Average wages have increased, but a stagnant median wage means that only those already earning high incomes are getting a raise.
A new set of wage statistics indicates the median wage for Americans has dropped to its lowest level since 1998, indicating low-wage earners have been left out of the Great Recession recovery while the incomes of the nation’s highest earners continue to grow near-exponentially.
The trend, reported on Al Jazeera America, is based on the median income — the middle number of the data set — in the U.S. today. As of last year, the median wage was $27,519. That’s the lowest it’s been since 1998, when the median income was $26,984.
This, according to David Cay Johnston, a tax analyst, author and freelance writer, indicates the growing divide between the nation’s rich and poor.
The average income today in the U.S. is quite different than the median income — as of 2012, the average income was $42,498, a 1 percent increase from the year prior. That might seem like an indication that American workers are doing alright, yet that’s not the case.
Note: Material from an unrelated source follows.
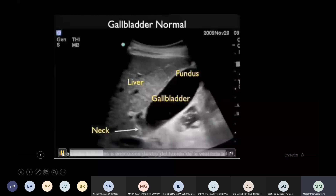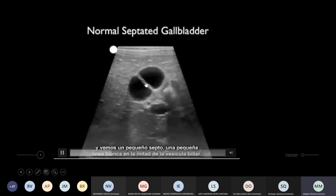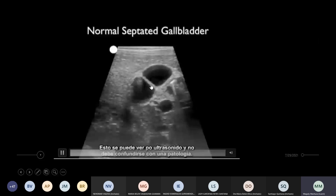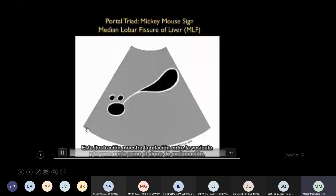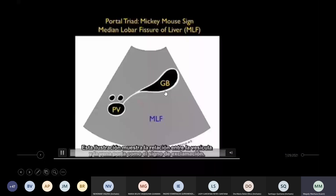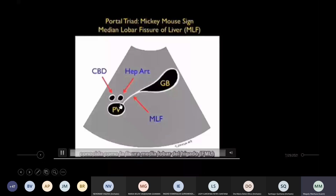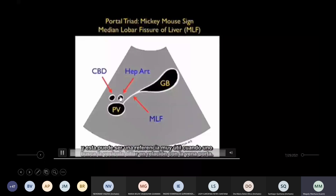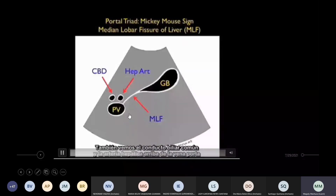Este en cambio ya es otro corte, es un corte axial, y podemos ver como variantes anatómicas estos tabiques, muy diferentes a un pólipo, porque son alargados y van de extremo a extremo. Entonces ahí es la diferencia, no vamos a decir que es un pólipo. Hay una relación que podemos describir entre la vena porta y la vesícula. Aquí dice que es un signo de exclamación, y vemos la vena porta, la arteria hepática y el conducto colédoco. Ayer les decía que era como un Mickey Mouse, esa era la referencia.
More than 67 percent of Americans earned less than the average. That’s up from 65.9 percent in 2000.
“When the average wage grows but the median wage stagnates, it means that, statistically, only workers in the top half of the job market are experiencing increases,”Johnston wrote. “My analysis of SSA data shows the growth is mostly in the top quarter, which starts at just under $50,000 in annual pay.”
For those aiming to decrease the growing wage gap, that’s not good news.
Ned Barnett, writing for the News Observer, cited the International Revenue Service when indicating that America’s wealthiest 10 percent earned half of the U.S. overall income in 2012.
Meanwhile, those working in the nation’s lowest-paying jobs are rallying for equal wages. Fast-food workers were perhaps the most vocal organized group of workers, demanding throughout the nation that they be paid a livable wage.
According to a University of California Labor Center and University of Illinois study, more than half of all fast-food workers had to rely on public assistance to make ends meet, costing taxpayers in the end.
This, all while the nation’s top 10 percent earn half of U.S. income. Times are also good for those earning more than $5 million a year, a population that has increased by 27 percent since 2011. Those who fall into that category experienced an extreme rise in wages from 2011, by up to 40 percent — a rate 13 times higher than the rest of the nation’s workers.